Signs along roads started during the time of the Egyptians, who would carve advertising messages on rocks. But the term “billboard” didn’t come into effect until the 19th century. So why are signs called “billboards” today?
“Bills” were early posters
Advertising, in the early days, was all about posters. These were then glued over each other with each change of the advertisement, using paste. Over the decades and enhancement in the printing process, the posters grew in size. They also became larger due to the manner in which people saw them, morphing from pedestrians to cyclists to automobile drivers. The people who installed these ads were called “bill posters” and they had a tough job as they would install all the pieces of the poster while balancing on a ladder with a brush full of glue. By the 1940s these “bills” had grown to 12’ x 24’ in size and were strictly the bastion of car driving viewers. Of course, smaller posters still exist in movie theaters, but “billboards” are the sole spot for the big posters today. And, of course, most of these have been converted to vinyl production and there’s no longer glue necessary.

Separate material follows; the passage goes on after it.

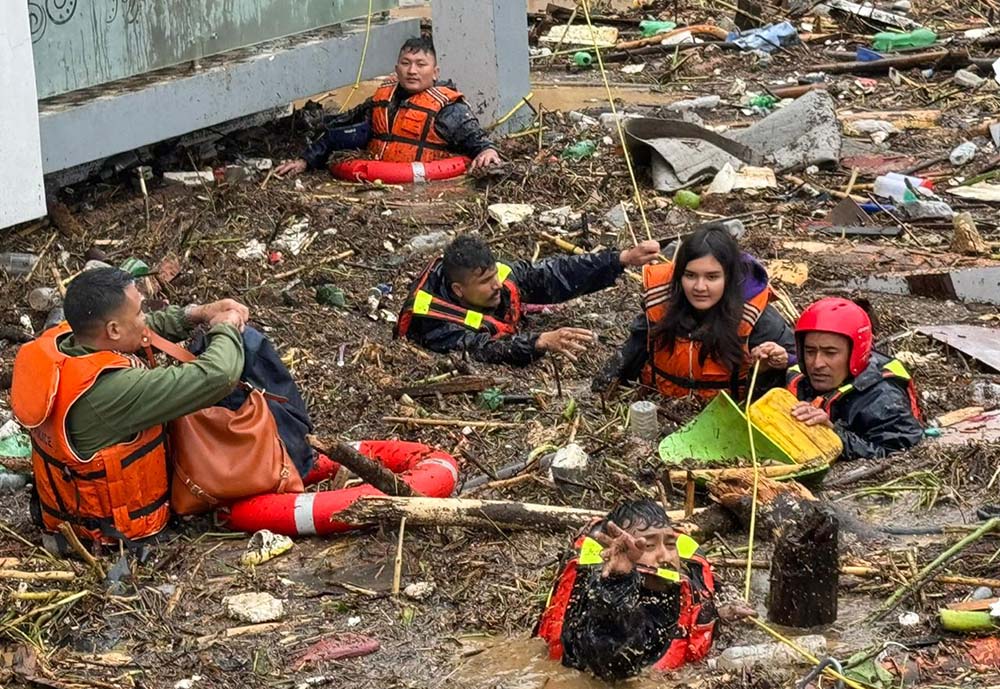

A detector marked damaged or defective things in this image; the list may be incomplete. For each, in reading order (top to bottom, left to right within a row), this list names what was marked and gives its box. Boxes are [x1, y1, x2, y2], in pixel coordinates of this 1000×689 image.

torn tarpaulin [628, 89, 840, 191]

“Boards” were what they put the paper and glue on
So what did they mount the “bills” on? Originally the answer was just the wall, but over time it changed to a smooth surface designed for that use, which was basically sheets of plywood that were affixed to that same brick wall. By the 1950s that plywood had been renamed “panels” for their sole function on the standard billboard frame, but the name “boards” had still stuck. Of course, panels changed over the years from wood, to metal, to fiberglass, and eventually to vinyl. Some owners still refer to their signs as “boards” even today, when you ask them how many they own.
Then just put them together
What do you get when you combine these two words? The answer, of course, is “billboard”. Over the years this term has grown to encompass any number of materials and designs. Wooden signs on telephone poles get the same generic name as big steel monopoles. Even huge 100’ tall vinyl signs on the side of buildings still get called “billboards”. But, of course, it all began with simple posters on the side of walls to be read by pedestrians wearing tophats.
“Billboards” are a term that took decades to come up with. Today it’s a descriptive term for every aspect of the outdoor advertising industry. It kind of ties the history together of this most American of cultural products.